**TASK ITEM**
Only one stretch of the listing below is wanted. Begin at the line that has "Насадка кондитерская KONFINETTA", stop after the line that has "Olympique Marseille 2026/2027 Away Jersey", and repeat every line in between exactly.

**MATERIAL PROVIDED**
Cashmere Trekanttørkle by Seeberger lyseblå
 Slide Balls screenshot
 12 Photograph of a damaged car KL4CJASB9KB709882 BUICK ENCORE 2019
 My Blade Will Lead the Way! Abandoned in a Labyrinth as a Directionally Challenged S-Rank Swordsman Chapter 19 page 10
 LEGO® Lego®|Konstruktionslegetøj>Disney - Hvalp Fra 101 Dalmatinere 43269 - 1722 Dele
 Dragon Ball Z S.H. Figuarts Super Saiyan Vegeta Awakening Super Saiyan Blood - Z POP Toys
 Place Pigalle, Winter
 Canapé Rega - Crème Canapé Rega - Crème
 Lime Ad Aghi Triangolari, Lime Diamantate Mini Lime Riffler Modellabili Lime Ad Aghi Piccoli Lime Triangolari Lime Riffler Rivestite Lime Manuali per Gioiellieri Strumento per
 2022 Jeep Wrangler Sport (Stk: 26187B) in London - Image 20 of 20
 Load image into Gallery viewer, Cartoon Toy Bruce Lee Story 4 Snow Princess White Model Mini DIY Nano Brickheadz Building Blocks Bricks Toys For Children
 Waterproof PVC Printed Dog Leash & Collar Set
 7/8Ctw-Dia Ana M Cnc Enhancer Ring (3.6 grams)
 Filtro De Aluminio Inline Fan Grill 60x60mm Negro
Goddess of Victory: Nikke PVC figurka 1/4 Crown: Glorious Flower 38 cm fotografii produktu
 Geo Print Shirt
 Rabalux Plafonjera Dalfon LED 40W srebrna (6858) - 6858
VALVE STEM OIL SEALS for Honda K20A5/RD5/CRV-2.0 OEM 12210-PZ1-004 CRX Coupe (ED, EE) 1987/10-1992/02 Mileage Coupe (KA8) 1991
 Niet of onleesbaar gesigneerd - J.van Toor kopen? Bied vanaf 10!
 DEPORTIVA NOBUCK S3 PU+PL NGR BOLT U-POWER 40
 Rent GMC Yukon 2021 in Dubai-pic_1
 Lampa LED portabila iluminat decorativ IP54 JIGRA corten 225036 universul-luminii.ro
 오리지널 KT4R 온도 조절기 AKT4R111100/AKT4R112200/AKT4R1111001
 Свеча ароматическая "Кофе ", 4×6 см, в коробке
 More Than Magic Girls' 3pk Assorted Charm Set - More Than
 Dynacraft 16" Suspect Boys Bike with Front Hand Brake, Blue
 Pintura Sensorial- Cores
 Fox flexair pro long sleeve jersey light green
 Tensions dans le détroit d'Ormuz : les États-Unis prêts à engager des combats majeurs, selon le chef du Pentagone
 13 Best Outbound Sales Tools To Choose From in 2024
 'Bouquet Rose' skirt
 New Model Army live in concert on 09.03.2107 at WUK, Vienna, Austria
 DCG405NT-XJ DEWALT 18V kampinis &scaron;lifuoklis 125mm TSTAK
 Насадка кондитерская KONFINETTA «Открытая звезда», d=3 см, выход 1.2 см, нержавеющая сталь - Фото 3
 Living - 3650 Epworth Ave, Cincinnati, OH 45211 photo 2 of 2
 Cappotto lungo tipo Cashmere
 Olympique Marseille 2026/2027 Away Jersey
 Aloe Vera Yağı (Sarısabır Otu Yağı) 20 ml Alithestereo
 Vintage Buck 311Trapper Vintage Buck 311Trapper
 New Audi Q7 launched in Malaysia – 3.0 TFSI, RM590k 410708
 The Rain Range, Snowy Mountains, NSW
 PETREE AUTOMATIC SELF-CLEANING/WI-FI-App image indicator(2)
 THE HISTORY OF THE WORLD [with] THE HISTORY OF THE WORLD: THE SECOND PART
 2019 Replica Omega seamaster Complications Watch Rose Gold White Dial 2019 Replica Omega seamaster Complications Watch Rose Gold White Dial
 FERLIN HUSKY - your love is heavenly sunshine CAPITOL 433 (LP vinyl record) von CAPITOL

**OUTPUT OF THE TASK**
 Насадка кондитерская KONFINETTA «Открытая звезда», d=3 см, выход 1.2 см, нержавеющая сталь - Фото 3
 Living - 3650 Epworth Ave, Cincinnati, OH 45211 photo 2 of 2
 Cappotto lungo tipo Cashmere
 Olympique Marseille 2026/2027 Away Jersey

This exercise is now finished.